How might leaders keep going when hope turns to disappointment?
Hi Dan,
Love the focus on this, because it reminds us to consider that, while the results we are looking for in the moment are important, there are ideas and values that can transcend outcomes, and that we can win at all the time.
I love to challenge my clients to create an overarching personal mission statement that is one to three lines long. These are things that they can win at daily, regardless of material outcomes. As an example, mine, always under revision, are as follows:
>I will uplift others, and myself (if I can’t have fun at what I am doing, what am I doing it for?).
>I will assist other in their personal and professional progress over time (not if they want to rob a bank, but if they what they want contributes to the wellbeing and happiness of themselves and others over time, I am all in).
>I will invite others to consider new perspectives, and seek out new perspectives for myself.
I can win at these things every day, no matter what else is going on, and by infusing what I do with these overarching aspirations, I keep myself at a level that is more effective for problem-solving, creativity, and relationship management. 🙂
Best to you, Dan!
Mark
Thank you! I’ve been struggling with disappointment in myself and others the last few days and will use this to help me examine where I’m at.
Thanks Susan. Disappointment can be a bitter pill. I probably should have added some ideas about connecting with others too.
Best wishes!
Leaders need a clear picture of what the desired future state (their vision or goal) looks like and feel like. Effective pictures have the right amount of detail and connect us at both the rational and emotional levels. And, they allow opportunities for people to see themselves in the picture.
Post your the picture on your office wall. When disappointments hit—focus on the picture to reignite your enthusiasm and passion.
Thanks Paul. Great suggestion. There is a sense of pull when I think about a picture of the future. I think pull is better than push.

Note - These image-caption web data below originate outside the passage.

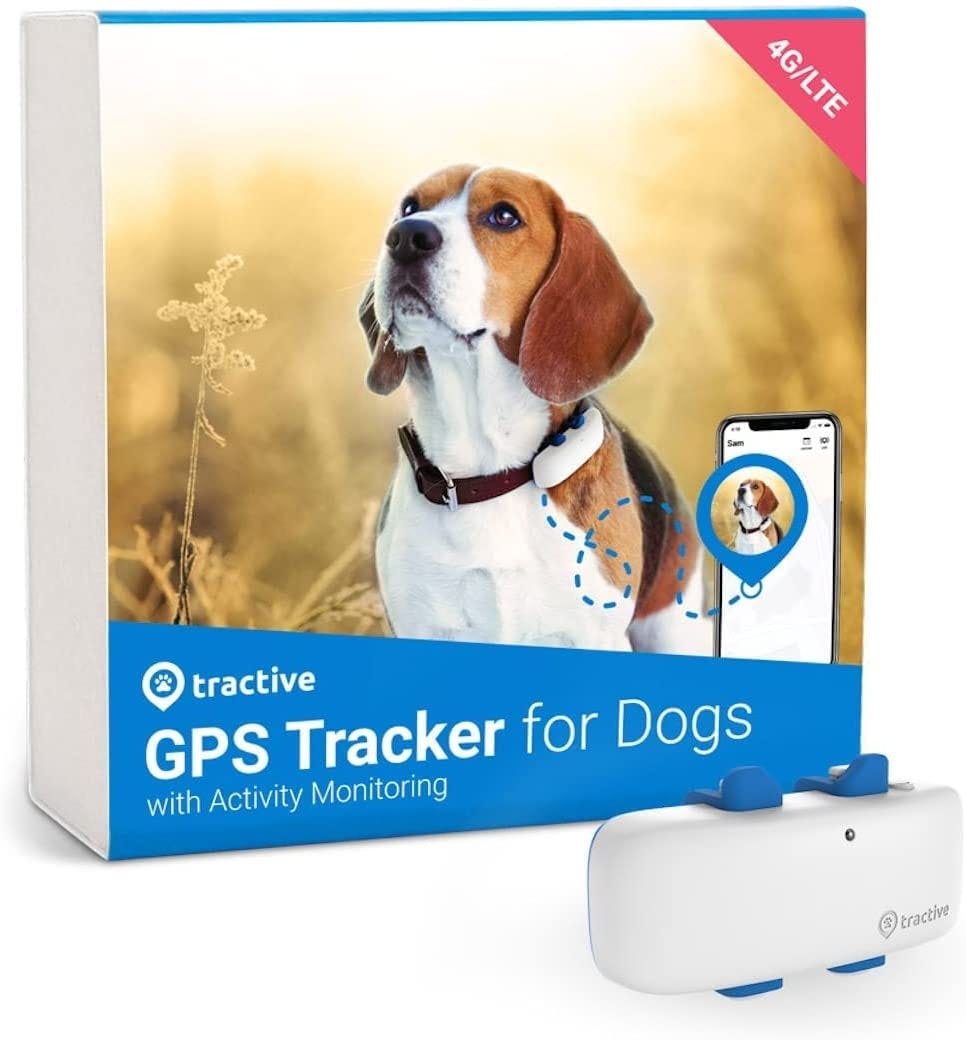 Tractive GPS DOG Tracker Erfahrungen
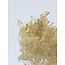 Champagnekleurige Broom Bloom droogbloemen | Lengte ± 45 centimeter | Gewicht 100 gram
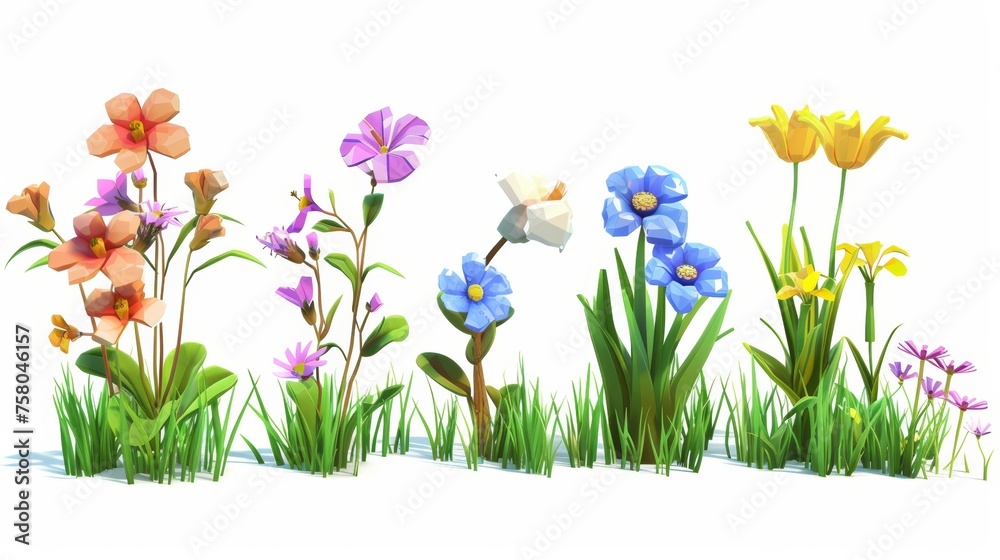 Wildflowers 3d realistic modern set. Spring and summer flowers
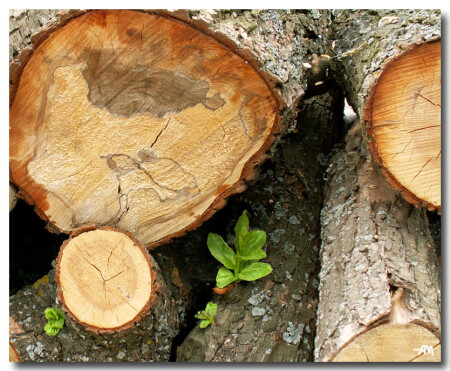 Жажда жизни...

The other thing you help with is the problem of forgetting what we really want. Over and over, I see people working very hard, but when you ask them what they want, they have trouble describing it.
Great reflection questions, Dan! Thank you for sharing this!

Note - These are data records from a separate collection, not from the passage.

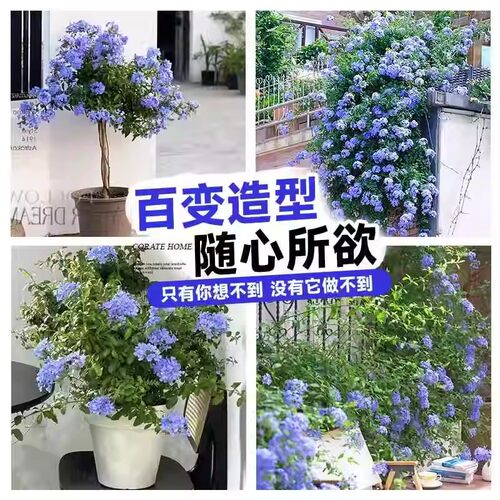 棒棒糖蓝雪花盆栽带花苞大苗阳台花卉绿植物四季开花好养独杆老桩 - 图3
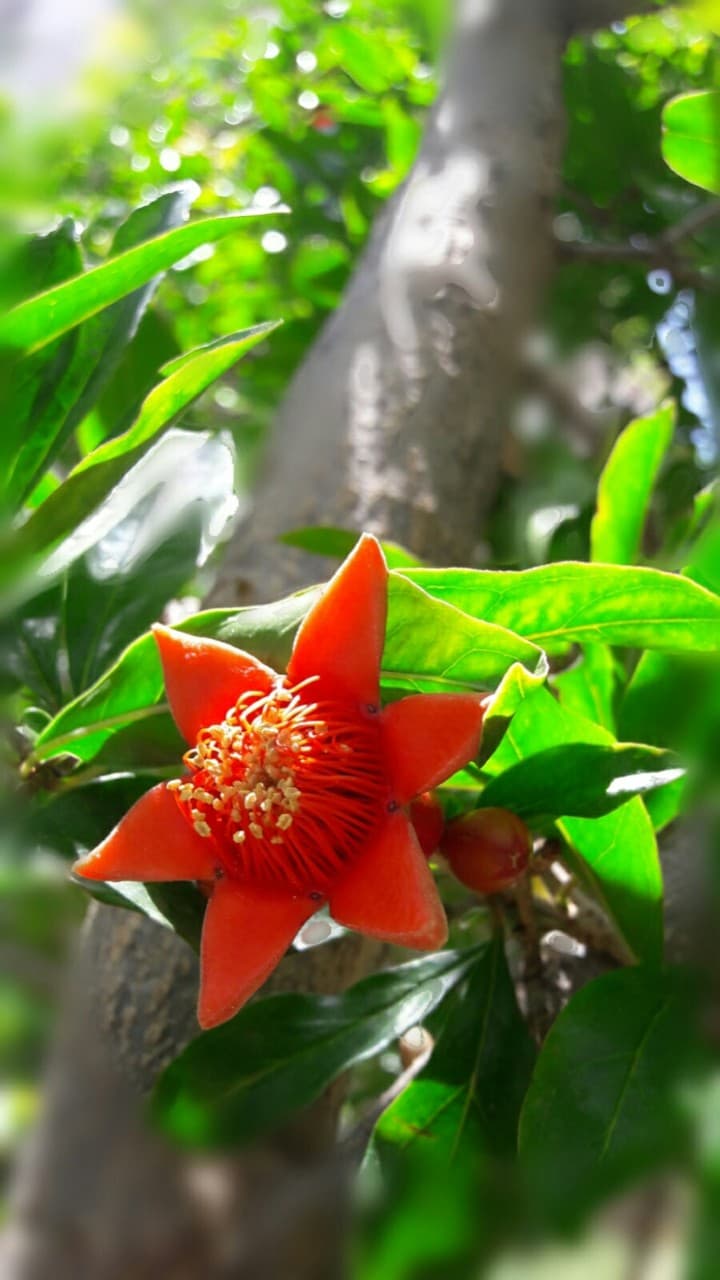flowers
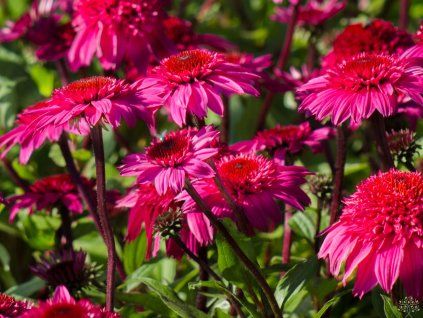 Echinacea Double Rose (4)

Those 4 questions on #7 are really telling. Nice to be reminded we are in control of some of this!
Leaders, find ways to look past the disapointment (knowing that it exists) you learn to prepare for these setbacks and move forward with “Grit and determination” knowing that everything is not perfect! Somethings take more time than others looking from a ” bitter sweet” perspective. You will learn to roll with the punches, as life’s lessons teach us so often!
“Hope deferred makes the heart sick, but a desire fulfilled is a tree of life” (Pro 13:12 ESV). Such is life in a fallen world. Thanks for helping me navigate some of the flotsam & jetsam of this life.
With disappointment comes opportunity. When you are on a dance floor you only see the person in front of you and to the side of you. By moving from the dance floor up onto the balcony you see things from a different perspective. You gain an overview of the entire dance floor. You might be disappointed in yourself and the person you are dancing with, but what you see looking down on the dance floor are those who are in sync and the wallflowers. It’s the same in business. Look at things from a different perspective. Don’t be disappointed with a single result, single event or a single person (including yourself). Focus on what is working well, where the gaps are and where the opportunities lie.
“Ignorance repeats,”
What a great and multi-layered mantra!